"""

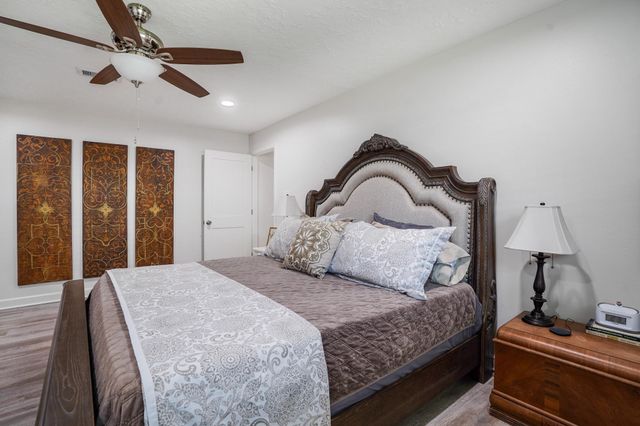 1006 Castle Hill Trail, Houston, TX 77339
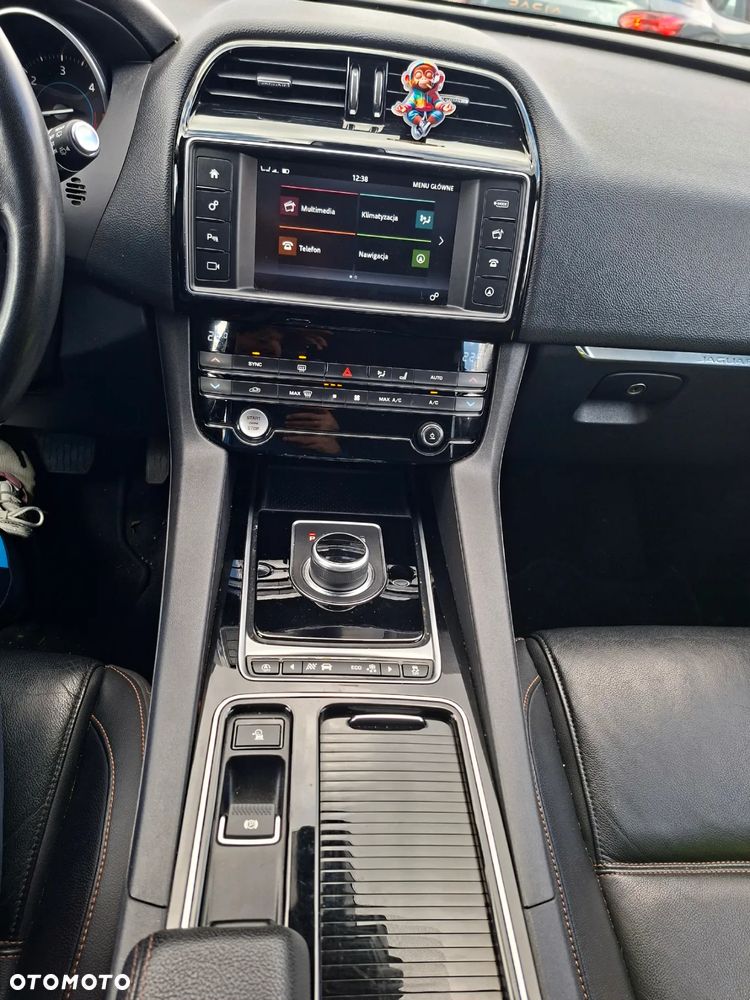 Jaguar F-Pace 2.0 i4D AWD Prestige - 31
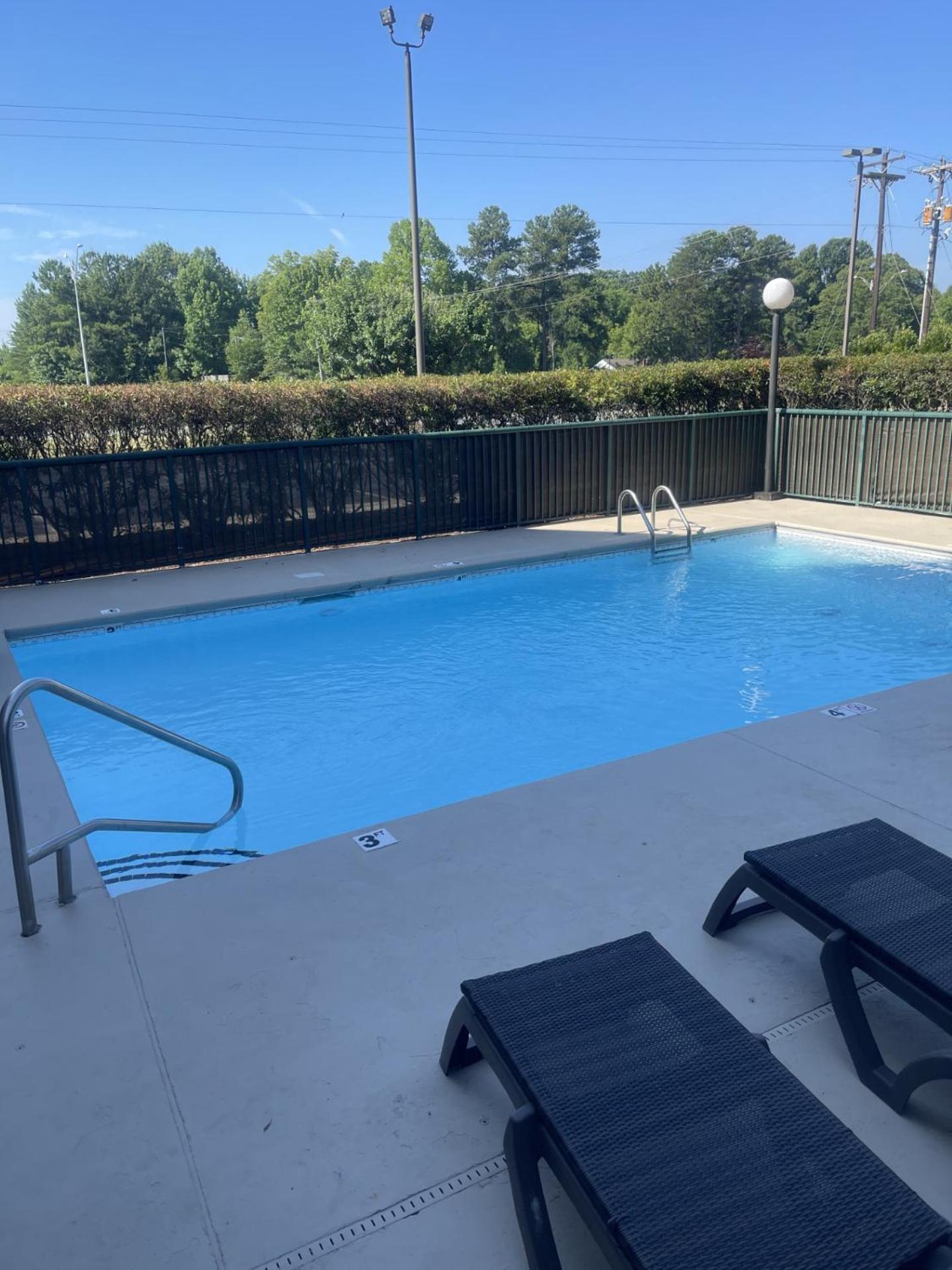 Country Inn & Suites By Radisson, Burlington Elon , Nc Zewnętrze zdjęcie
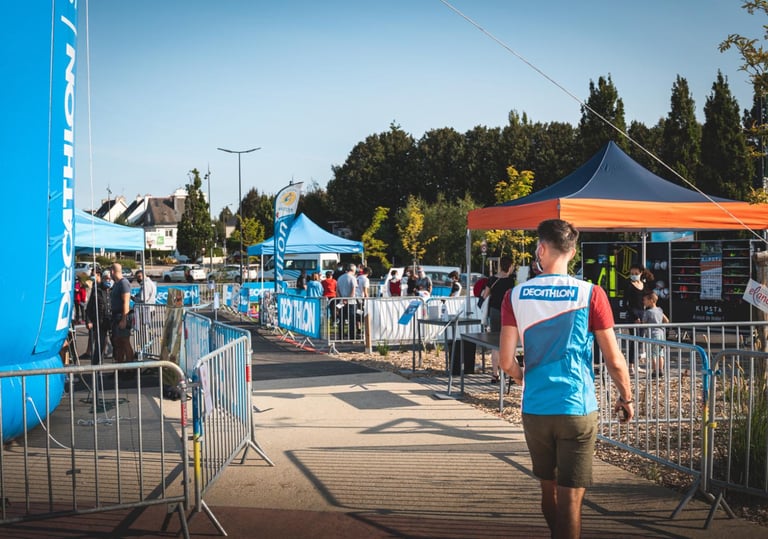 Victor Carrer, freelance événementiel sportif, régisseur, chef de projet et animateur micro. 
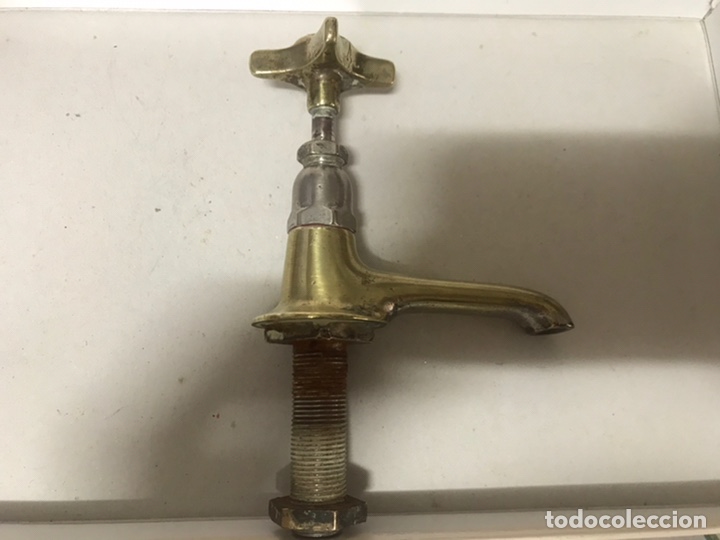 Antig&uuml;edades: Grifer&iacute;a de bronce - Foto 17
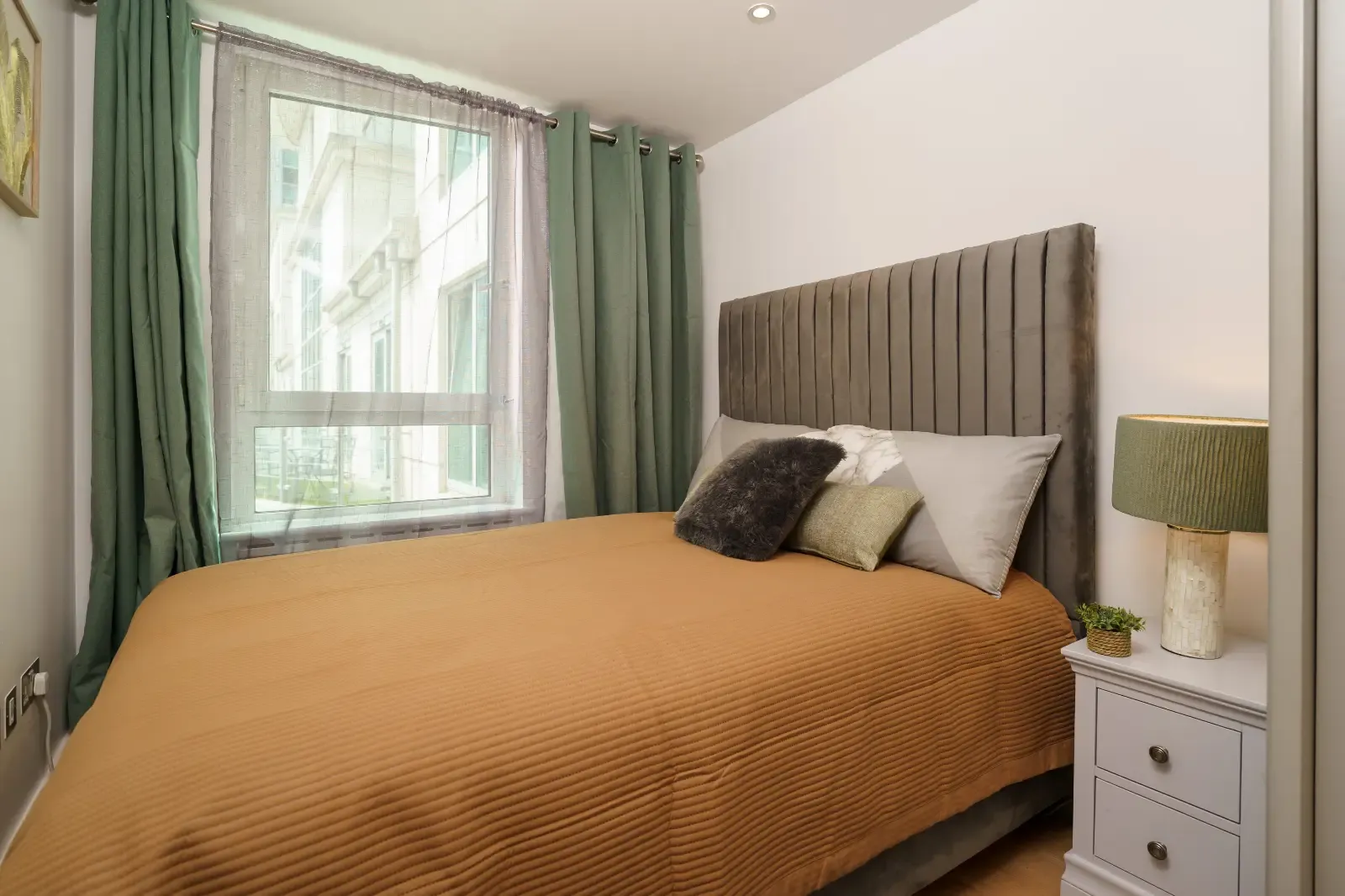 St George Wharf Apartment in SW8 2LS - Property image 5 - VivreStays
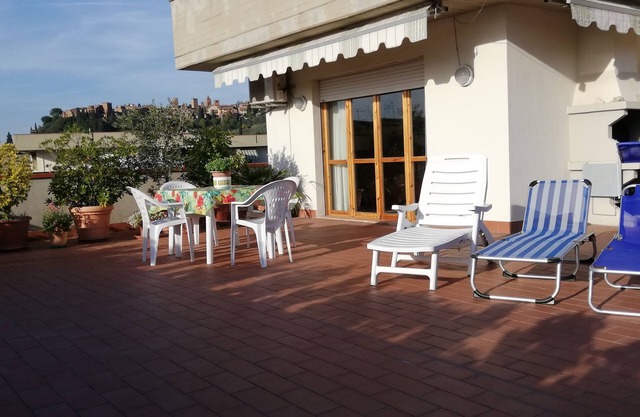 apartment/flat - 5 rooms - 4 persons 10 Km San Gimignano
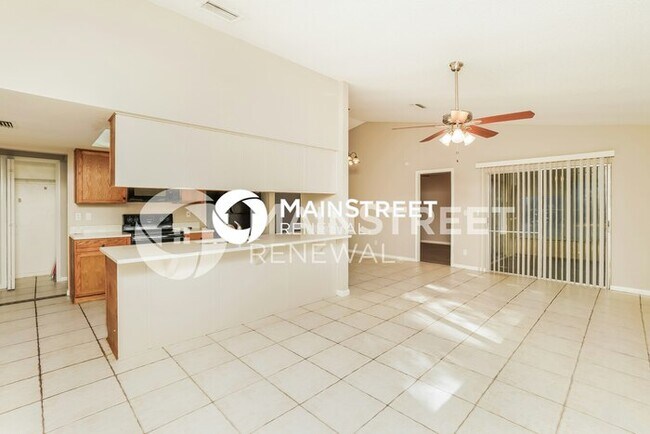 Foto del edificio - 3 Bedroom Pet-Friendly Home in Spring Hill, FL with Main Street Renewal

"""

▶ BRIEF
Apart from the pictures, the material above has to be repeated exactly.

▶ COMPLETED TASK
 1006 Castle Hill Trail, Houston, TX 77339
 Jaguar F-Pace 2.0 i4D AWD Prestige - 31
 Country Inn & Suites By Radisson, Burlington Elon , Nc Zewnętrze zdjęcie
 Victor Carrer, freelance événementiel sportif, régisseur, chef de projet et animateur micro. 
 Antig&uuml;edades: Grifer&iacute;a de bronce - Foto 17
 St George Wharf Apartment in SW8 2LS - Property image 5 - VivreStays
 apartment/flat - 5 rooms - 4 persons 10 Km San Gimignano
 Foto del edificio - 3 Bedroom Pet-Friendly Home in Spring Hill, FL with Main Street Renewal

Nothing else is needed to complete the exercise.